The Decembrist revolt or the Decembrist uprising (Russian: Восстание декабристов) was staged in Imperial Russia by army officers who led approximately three thousand Russian soldiers on December 26, 1825. Because these events occurred in December, the rebels were called the Decembrists (Dekabristy, Russian: Декабристы). This uprising took place in the Senate Square in St. Petersburg. In 1925, to mark the centennial of the event, the square was renamed the Decembrist Square (Ploshchad' Dekabristov, Russian: Площадь Декабристов). The Decembrists were brutally repressed by the new Tsar, Nicholas I. Their leaders were executed or exiled.

The Decembrists represented the elite of the military officers whose desire for greater freedom reflected the human desire for freedom and personal responsibility in governing their own affairs.

Decembrist societies

Historians have generally agreed that a revolutionary movement was born during the reign of Alexander I. From the late seventeenth and early eighteenth centuries, the Russian nobility were increasingly exposed to European intellectual trends such as liberalism.

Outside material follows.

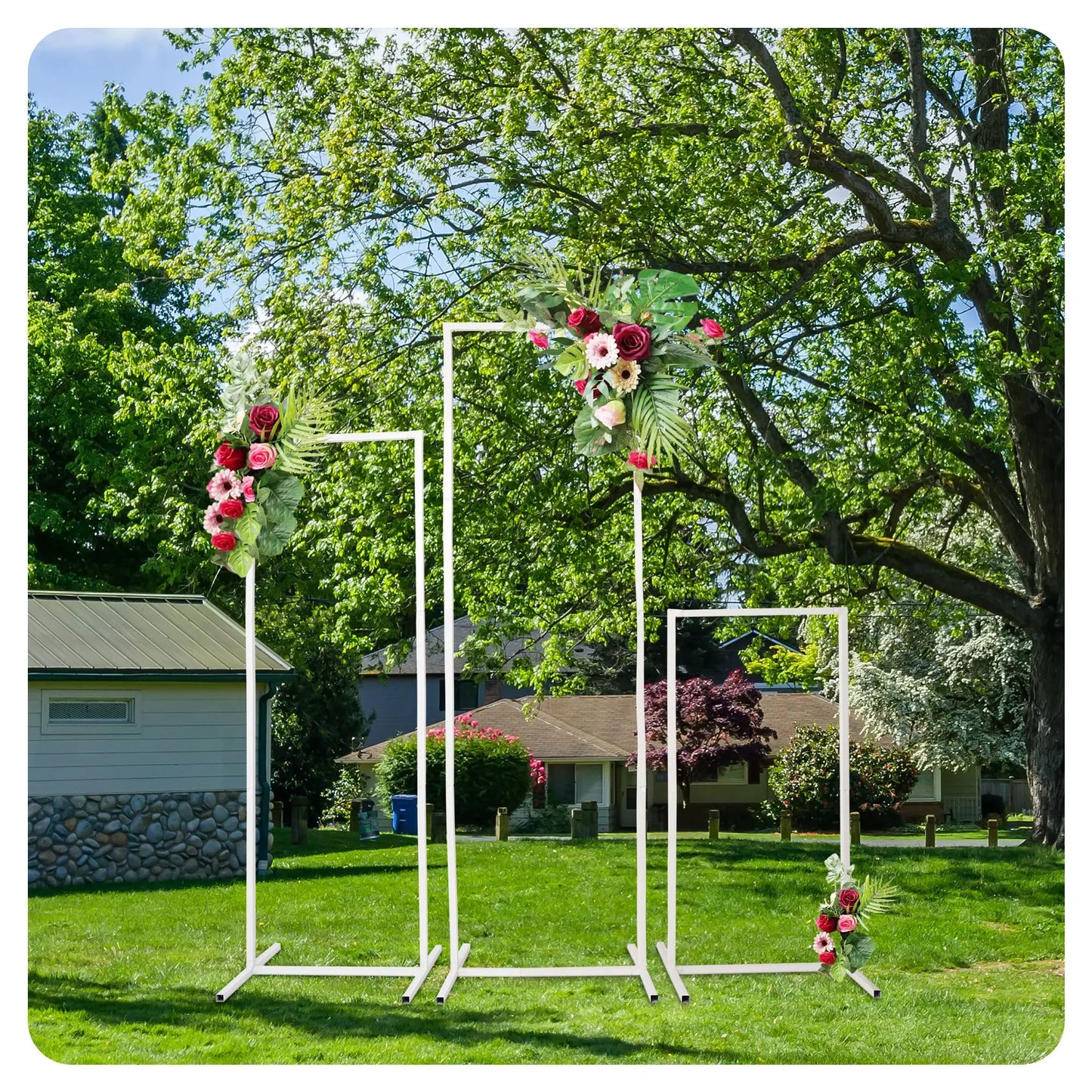 Wedding Arch Backdrop Stand Square Metal Rectangular Frame for Ceremony Party Birthday Bridal Baby Shower Anniversary Decoration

During the period of rapprochement between Napoleon and Alexander, liberalism was encouraged on an official level, creating high expectations.

The driving force for reform in Alexander’s regime was Mikhail Speransky. During his early years in the regime, Speransky helped inspire the organization of the Ministry of the Interior, the reform of ecclesiastic education, and the formulation of the government’s role in the country’s economic development. Speransky’s role increased greatly in 1808. From then until 1812, Speransky developed plans for the reorganization of Russia’s government. These plans held for a time the promise of a new constitutional regime. Speransky’s most noted essay pushed for a code of laws. Such a code of laws would have created a uniform legal system, and replaced the arbitrary decisions of government officials with objective procedures. This was the first step in the creation of a liberal style government. However, court intrigue slowly undermined Speransky’s influence with Alexander, and he was removed from the court.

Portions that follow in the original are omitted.